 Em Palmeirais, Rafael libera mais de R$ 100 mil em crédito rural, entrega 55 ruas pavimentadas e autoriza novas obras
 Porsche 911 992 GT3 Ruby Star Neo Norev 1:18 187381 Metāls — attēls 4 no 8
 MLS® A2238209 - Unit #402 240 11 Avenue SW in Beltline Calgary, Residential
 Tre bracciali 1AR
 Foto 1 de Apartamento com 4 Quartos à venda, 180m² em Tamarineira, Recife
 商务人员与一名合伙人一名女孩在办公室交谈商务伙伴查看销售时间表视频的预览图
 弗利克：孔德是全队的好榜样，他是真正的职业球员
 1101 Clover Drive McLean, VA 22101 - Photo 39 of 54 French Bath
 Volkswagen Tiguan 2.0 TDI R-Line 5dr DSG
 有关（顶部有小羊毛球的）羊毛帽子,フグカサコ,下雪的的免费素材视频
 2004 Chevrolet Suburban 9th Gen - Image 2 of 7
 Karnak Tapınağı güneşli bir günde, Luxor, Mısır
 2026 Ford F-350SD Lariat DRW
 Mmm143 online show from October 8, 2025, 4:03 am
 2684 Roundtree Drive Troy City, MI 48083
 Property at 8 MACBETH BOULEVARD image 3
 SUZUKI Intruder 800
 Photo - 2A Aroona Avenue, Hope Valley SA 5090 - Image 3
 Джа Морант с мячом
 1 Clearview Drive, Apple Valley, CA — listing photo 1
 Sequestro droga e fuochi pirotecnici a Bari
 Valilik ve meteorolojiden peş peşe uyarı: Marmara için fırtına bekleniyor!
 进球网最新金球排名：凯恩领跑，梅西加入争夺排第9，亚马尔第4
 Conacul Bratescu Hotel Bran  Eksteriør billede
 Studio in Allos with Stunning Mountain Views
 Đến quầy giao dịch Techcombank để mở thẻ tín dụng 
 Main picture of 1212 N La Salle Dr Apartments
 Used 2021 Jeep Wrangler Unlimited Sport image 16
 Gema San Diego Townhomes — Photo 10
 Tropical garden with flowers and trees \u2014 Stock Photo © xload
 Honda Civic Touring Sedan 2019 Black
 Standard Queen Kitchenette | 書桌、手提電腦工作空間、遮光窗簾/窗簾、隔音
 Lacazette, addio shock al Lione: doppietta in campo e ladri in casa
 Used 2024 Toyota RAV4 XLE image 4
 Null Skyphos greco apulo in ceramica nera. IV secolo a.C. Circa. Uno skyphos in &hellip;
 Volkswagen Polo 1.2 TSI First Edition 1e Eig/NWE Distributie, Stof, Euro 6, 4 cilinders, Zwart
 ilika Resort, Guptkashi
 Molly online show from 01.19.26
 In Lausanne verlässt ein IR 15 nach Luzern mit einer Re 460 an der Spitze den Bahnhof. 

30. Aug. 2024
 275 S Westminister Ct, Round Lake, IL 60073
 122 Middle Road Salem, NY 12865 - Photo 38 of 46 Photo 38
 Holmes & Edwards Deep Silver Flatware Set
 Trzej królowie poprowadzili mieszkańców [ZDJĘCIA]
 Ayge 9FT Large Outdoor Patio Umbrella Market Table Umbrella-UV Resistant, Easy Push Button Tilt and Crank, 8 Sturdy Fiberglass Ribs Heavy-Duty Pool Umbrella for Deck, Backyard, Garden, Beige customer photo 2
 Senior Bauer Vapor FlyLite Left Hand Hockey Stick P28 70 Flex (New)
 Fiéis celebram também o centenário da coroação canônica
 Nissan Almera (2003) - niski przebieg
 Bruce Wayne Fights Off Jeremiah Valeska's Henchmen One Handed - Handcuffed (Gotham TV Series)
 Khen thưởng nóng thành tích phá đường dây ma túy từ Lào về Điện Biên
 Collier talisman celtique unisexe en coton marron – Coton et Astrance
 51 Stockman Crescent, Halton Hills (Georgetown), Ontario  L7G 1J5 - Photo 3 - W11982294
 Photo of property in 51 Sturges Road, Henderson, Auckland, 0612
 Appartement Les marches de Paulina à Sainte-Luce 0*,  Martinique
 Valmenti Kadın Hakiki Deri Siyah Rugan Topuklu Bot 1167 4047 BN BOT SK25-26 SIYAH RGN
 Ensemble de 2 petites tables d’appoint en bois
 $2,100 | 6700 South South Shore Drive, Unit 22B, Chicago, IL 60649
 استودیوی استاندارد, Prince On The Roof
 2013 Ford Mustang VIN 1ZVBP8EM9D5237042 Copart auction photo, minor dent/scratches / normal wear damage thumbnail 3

+ + + +

_WHAT THE EXERCISE ASKS_. Print, from the entries above, the line with "1 Clearview Drive, Apple", the line with "Conacul Bratescu Hotel" and all lines between them, exactly and with nothing else.

_ANSWER SPACE_.
 1 Clearview Drive, Apple Valley, CA — listing photo 1
 Sequestro droga e fuochi pirotecnici a Bari
 Valilik ve meteorolojiden peş peşe uyarı: Marmara için fırtına bekleniyor!
 进球网最新金球排名：凯恩领跑，梅西加入争夺排第9，亚马尔第4
 Conacul Bratescu Hotel Bran  Eksteriør billede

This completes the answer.